Problem –
Print word for word the first line of the records below and every following line through the one containing "WB Suggested Anti-ETFB"; print nothing else.
[Records supplied — start]
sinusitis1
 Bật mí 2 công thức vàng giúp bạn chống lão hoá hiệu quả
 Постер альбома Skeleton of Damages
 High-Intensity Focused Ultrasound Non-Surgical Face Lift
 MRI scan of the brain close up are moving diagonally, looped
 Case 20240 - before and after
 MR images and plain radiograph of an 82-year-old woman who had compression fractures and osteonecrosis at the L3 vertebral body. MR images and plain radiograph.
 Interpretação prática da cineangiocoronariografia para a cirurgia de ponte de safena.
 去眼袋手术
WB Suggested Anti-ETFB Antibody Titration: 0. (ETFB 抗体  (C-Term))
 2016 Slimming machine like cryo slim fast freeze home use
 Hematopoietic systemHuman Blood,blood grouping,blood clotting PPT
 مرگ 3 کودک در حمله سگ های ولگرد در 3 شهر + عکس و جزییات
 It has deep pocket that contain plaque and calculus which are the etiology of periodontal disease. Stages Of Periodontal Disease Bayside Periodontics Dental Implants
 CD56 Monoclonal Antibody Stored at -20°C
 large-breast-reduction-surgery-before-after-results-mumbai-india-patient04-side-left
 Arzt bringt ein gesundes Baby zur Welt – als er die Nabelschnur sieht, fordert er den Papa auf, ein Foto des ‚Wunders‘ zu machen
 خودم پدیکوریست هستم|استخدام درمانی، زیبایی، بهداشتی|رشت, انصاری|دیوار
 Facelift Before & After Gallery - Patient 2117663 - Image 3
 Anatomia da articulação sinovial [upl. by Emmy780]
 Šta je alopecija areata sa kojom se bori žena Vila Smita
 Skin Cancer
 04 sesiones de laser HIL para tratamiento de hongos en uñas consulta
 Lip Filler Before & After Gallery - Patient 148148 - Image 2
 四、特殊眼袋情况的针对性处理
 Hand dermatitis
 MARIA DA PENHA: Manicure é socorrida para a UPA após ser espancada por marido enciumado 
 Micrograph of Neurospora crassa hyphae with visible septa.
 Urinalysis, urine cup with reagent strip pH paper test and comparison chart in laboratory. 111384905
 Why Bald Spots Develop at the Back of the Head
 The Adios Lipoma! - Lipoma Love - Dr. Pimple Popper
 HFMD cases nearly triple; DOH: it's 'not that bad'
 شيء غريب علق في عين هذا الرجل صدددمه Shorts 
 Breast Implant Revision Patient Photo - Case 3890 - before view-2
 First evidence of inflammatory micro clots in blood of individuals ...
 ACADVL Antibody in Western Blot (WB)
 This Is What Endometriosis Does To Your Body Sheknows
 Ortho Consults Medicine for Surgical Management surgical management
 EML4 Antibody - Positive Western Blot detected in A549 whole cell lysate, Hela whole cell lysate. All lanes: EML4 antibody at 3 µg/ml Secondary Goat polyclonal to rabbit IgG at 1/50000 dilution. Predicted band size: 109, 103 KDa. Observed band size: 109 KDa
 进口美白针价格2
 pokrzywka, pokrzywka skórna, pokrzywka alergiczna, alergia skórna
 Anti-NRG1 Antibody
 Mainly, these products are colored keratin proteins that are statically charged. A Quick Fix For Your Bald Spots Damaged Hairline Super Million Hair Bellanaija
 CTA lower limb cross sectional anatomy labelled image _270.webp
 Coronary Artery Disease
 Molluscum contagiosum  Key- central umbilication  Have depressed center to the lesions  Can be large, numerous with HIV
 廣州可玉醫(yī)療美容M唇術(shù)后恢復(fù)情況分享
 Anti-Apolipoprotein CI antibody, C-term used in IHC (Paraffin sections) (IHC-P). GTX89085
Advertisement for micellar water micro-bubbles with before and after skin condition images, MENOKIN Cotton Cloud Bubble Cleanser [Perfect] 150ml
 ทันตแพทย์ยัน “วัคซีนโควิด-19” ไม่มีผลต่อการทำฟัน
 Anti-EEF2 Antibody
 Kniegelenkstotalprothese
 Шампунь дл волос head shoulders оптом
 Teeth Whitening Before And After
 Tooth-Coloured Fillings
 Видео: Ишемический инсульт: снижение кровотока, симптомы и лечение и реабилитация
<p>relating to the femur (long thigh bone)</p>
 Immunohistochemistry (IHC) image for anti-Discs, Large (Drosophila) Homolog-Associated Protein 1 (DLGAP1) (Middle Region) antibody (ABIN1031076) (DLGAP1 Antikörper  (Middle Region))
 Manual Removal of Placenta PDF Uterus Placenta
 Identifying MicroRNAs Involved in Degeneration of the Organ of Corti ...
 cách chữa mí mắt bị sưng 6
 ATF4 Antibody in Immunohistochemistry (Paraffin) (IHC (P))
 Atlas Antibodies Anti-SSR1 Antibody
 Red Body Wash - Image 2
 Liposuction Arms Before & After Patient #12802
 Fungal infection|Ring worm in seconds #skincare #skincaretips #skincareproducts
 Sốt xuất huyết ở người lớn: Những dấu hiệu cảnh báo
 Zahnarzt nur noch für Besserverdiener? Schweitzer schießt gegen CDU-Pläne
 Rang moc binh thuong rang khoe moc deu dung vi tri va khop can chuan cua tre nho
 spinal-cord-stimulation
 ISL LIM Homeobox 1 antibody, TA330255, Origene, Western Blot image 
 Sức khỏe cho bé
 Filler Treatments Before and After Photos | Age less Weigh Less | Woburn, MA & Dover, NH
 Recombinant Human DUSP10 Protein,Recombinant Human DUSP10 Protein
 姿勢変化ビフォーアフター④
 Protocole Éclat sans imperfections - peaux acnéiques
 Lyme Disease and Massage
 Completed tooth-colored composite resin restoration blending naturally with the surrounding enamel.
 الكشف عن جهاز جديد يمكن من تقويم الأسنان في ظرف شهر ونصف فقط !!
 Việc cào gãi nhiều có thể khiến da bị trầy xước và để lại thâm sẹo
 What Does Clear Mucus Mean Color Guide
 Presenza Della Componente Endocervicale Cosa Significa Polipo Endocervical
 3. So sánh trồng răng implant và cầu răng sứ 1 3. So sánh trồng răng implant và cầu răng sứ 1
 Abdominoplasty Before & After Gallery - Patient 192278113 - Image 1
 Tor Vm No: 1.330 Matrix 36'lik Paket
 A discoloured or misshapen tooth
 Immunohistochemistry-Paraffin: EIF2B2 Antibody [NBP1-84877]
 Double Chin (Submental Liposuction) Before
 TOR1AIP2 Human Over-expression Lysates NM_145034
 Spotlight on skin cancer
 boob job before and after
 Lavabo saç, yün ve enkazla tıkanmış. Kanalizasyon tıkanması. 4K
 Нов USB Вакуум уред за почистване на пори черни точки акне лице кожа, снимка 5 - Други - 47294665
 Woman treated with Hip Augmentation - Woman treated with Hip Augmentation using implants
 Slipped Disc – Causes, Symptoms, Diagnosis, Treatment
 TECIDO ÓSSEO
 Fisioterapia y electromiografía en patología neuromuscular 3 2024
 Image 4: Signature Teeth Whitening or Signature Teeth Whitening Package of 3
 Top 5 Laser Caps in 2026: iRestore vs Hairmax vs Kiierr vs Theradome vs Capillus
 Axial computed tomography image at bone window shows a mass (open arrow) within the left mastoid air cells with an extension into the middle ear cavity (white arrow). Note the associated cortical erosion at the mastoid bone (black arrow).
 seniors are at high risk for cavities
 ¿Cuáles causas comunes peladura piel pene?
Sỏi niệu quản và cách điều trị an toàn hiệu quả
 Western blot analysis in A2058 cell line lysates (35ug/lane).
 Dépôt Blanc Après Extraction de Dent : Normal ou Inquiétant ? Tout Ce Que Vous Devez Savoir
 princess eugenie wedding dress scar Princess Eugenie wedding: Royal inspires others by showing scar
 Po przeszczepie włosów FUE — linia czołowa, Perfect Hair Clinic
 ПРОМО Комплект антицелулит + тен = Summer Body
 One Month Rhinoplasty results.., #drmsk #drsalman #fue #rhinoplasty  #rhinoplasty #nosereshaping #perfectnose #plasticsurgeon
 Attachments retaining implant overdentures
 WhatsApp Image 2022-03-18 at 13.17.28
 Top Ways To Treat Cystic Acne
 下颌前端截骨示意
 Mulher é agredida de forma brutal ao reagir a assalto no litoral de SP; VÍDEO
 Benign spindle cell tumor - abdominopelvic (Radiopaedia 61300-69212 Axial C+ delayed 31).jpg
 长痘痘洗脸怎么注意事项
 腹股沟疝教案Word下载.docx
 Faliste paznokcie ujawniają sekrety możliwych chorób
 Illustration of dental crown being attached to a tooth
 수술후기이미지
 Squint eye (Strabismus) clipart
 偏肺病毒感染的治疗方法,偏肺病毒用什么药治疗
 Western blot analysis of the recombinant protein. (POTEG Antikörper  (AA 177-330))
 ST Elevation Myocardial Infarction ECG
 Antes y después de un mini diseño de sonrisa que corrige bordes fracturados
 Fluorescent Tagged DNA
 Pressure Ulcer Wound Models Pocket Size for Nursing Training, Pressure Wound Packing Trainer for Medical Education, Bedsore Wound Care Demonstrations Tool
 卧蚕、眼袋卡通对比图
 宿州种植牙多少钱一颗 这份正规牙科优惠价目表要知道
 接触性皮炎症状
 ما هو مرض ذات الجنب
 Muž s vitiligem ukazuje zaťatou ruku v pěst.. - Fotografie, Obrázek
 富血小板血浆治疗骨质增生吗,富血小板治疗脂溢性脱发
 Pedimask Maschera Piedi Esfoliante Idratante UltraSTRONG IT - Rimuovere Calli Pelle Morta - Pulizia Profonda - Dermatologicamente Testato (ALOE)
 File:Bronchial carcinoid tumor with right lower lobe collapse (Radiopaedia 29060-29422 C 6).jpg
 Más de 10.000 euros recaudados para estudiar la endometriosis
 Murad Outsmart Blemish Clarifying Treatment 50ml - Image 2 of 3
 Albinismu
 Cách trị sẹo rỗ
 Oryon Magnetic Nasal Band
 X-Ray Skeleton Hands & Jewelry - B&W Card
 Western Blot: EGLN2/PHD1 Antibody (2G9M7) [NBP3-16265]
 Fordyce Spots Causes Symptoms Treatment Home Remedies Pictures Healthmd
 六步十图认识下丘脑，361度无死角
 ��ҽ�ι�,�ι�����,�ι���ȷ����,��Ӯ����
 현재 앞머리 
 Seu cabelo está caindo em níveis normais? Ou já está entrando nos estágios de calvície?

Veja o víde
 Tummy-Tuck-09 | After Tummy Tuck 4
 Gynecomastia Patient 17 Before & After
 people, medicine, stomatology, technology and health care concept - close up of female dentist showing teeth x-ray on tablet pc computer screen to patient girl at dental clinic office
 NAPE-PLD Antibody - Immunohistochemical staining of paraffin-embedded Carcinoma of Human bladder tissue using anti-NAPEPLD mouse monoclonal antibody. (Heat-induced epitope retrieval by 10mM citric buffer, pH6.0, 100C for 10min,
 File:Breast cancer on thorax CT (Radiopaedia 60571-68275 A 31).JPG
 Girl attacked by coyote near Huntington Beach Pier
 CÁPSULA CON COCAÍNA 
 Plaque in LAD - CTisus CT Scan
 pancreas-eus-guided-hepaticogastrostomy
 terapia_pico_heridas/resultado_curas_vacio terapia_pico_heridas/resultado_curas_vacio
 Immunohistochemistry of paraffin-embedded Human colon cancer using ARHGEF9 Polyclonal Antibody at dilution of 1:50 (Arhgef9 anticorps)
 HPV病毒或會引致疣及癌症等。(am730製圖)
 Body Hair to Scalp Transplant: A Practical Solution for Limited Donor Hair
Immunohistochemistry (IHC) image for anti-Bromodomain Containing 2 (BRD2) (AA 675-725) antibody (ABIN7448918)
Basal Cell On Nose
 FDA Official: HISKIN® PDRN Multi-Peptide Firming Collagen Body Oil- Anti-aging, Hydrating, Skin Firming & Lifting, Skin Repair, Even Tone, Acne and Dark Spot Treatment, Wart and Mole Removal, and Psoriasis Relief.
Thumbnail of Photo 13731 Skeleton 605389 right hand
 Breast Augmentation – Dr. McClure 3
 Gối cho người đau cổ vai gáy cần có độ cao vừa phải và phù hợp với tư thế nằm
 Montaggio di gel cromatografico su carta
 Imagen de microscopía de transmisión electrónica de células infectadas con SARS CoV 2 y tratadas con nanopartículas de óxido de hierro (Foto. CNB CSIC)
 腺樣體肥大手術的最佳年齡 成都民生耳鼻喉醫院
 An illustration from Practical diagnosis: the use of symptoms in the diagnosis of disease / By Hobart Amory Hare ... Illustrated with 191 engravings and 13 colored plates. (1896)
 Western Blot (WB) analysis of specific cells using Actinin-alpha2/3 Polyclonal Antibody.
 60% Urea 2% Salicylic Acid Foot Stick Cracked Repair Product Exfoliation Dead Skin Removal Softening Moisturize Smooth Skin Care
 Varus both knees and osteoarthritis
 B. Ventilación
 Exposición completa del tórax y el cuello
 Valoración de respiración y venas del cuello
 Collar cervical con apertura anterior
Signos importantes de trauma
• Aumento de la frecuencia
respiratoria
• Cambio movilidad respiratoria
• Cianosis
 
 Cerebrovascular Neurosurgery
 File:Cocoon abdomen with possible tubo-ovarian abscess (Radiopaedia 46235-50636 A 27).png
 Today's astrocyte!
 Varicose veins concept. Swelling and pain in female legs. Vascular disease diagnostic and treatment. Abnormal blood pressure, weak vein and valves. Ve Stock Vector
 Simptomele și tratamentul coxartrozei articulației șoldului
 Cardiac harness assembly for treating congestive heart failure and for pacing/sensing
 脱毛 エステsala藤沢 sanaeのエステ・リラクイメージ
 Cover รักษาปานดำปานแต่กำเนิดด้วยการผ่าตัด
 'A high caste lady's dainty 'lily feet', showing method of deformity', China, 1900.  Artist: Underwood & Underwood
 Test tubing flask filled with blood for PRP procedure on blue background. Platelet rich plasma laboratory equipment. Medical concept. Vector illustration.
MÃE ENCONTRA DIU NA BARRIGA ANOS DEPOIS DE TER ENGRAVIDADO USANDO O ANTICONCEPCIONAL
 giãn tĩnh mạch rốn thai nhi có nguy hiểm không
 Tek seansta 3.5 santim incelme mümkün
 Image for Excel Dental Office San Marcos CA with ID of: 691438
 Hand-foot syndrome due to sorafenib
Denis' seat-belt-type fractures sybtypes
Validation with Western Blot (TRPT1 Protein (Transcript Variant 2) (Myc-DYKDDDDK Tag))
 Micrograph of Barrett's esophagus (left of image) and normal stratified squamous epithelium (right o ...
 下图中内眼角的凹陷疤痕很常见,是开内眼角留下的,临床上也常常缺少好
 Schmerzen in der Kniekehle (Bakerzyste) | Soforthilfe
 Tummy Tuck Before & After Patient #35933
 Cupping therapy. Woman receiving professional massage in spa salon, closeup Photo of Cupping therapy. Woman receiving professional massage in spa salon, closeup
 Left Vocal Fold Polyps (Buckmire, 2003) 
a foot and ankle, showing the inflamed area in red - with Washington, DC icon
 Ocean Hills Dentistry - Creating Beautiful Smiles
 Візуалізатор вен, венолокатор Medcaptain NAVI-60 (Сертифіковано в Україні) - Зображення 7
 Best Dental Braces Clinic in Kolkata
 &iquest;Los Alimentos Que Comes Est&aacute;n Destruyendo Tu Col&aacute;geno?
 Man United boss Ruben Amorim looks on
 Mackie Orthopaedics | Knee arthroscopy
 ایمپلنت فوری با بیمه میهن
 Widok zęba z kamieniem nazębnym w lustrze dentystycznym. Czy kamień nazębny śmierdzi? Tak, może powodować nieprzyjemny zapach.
[Records supplied — finish]
Written response –
sinusitis1
 Bật mí 2 công thức vàng giúp bạn chống lão hoá hiệu quả
 Постер альбома Skeleton of Damages
 High-Intensity Focused Ultrasound Non-Surgical Face Lift
 MRI scan of the brain close up are moving diagonally, looped
 Case 20240 - before and after
 MR images and plain radiograph of an 82-year-old woman who had compression fractures and osteonecrosis at the L3 vertebral body. MR images and plain radiograph.
 Interpretação prática da cineangiocoronariografia para a cirurgia de ponte de safena.
 去眼袋手术
WB Suggested Anti-ETFB Antibody Titration: 0. (ETFB 抗体  (C-Term))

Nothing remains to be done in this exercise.